While an investor would have made more money during the last four years buying year-end sludge instead of a Standard & Poor’s 500 index fund, a Leuthold report says the maneuver appears excessively risky this year.

The firm’s list of bounce stocks is dominated by financial companies and homebuilders — stocks where bad news continues to flow even though home builders such as Beazer Homes, D.R. Horton and KB Home were on last year’s bounce list and large banks have reported sizable losses from the subprime lending fallout.

“Clients who are astute stock-pickers may enjoy the challenge of picking a bottom in some of these stocks, but this is no easy task,” said Leuthold analyst Andy Engel.

To qualify for the bounce list, Leuthold required the following declines from 2007 peaks: large-cap stocks down at least 25 percent; midcaps, 35 percent; and small caps, 50 percent.

Homebuilders are by far the worst area of the market — down about 50 percent for the year, according to Leuthold data.

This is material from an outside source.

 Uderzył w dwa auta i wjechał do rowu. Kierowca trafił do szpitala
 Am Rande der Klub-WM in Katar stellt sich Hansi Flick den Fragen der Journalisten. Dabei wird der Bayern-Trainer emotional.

The builders climbed about 11 percent in September after a rate cut by the Federal Reserve gave investors an optimistic breather. But after dreary reports on the housing market, builders dropped again, giving up what they had gained.

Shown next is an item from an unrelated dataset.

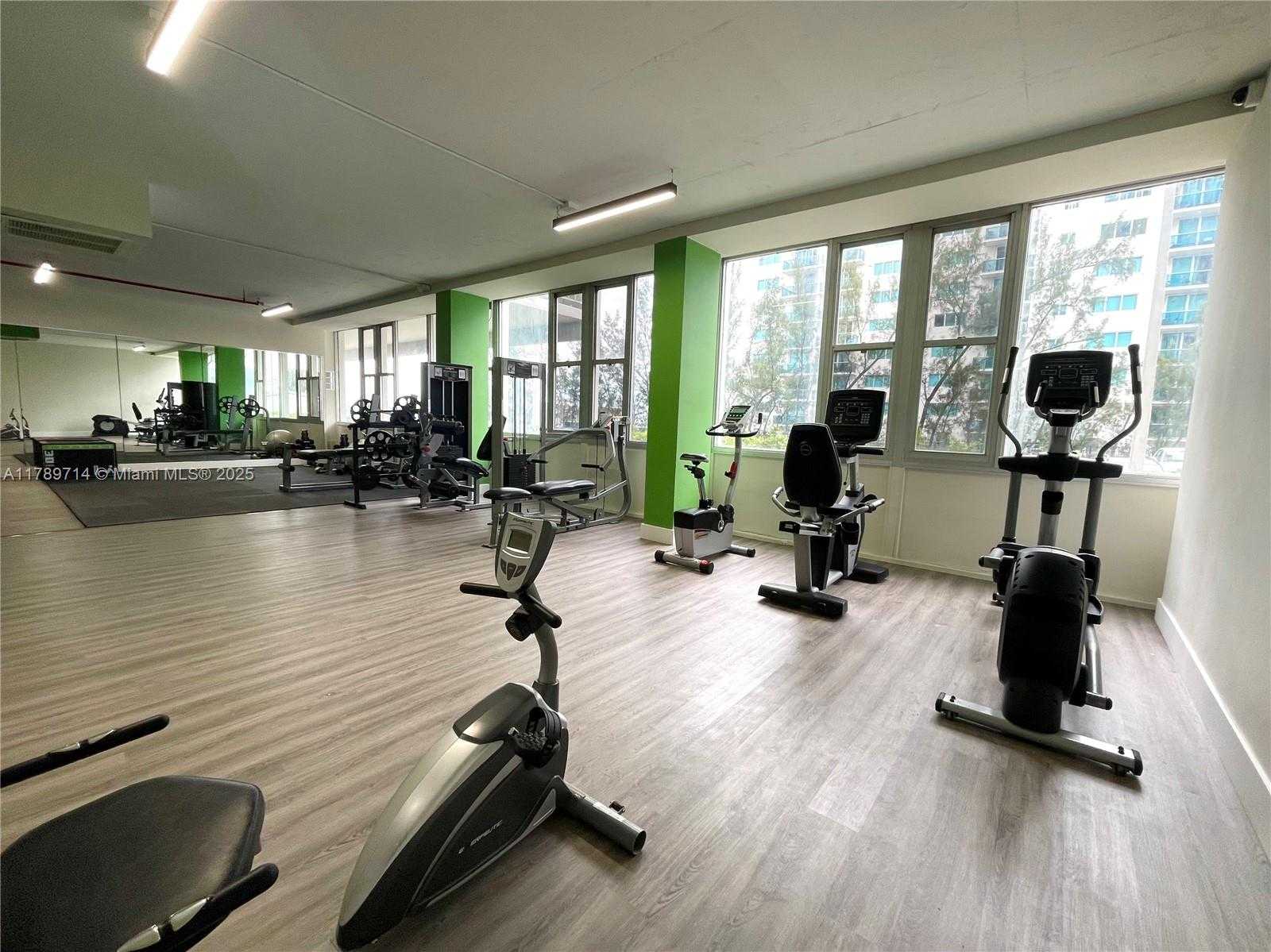 Small Image of 7545 EAST TREASURE DR #8D, North Bay Village Number 10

Financial companies, too, gained amid the relief from the Fed’s 0.50 percent rate cut. But the stocks headed down again recently as investors digested sobering words from Fed Chairman Ben Bernanke and hidden weaknesses in financial institutions became somewhat exposed.

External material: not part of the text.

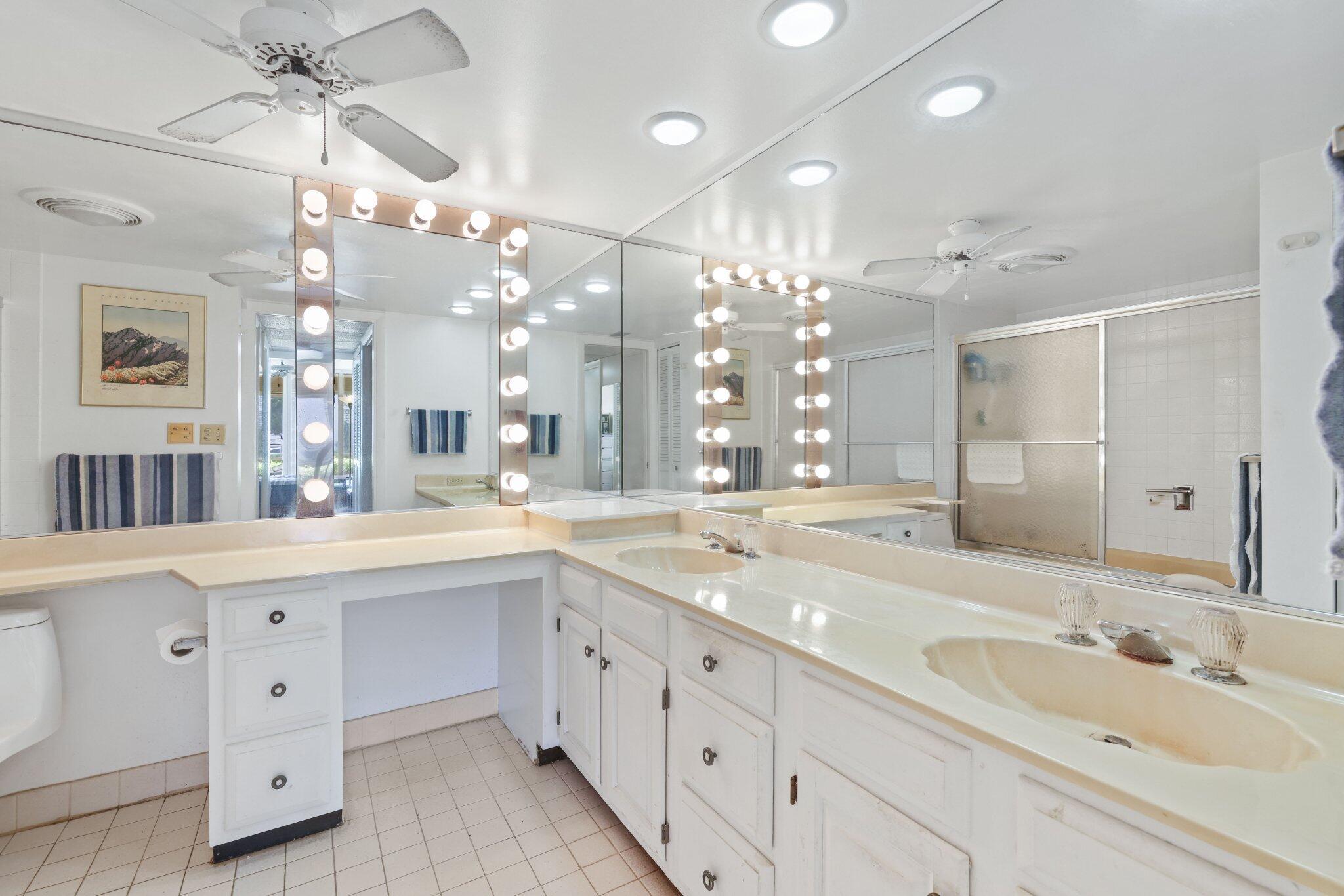 1 Harbourside Drive 4104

Of course, trying to take advantage of a year-end or January bounce would be a different strategy than buying for the long-term.

But even that gives Leuthold researchers concern.

Last year, playing the bounce provided investors an 8.6 percent return from Oct. 1 to Jan. 31, compared with the S&P 500’s 7.9 percent return. But the makeup of those bounce stocks was very different than this year’s group. Many were energy and commodity stocks that slumped as investors apparently decided to sell in case the economy slowed in the coming year. This year, the homebuilders and financial stocks already are in the midst of a mess.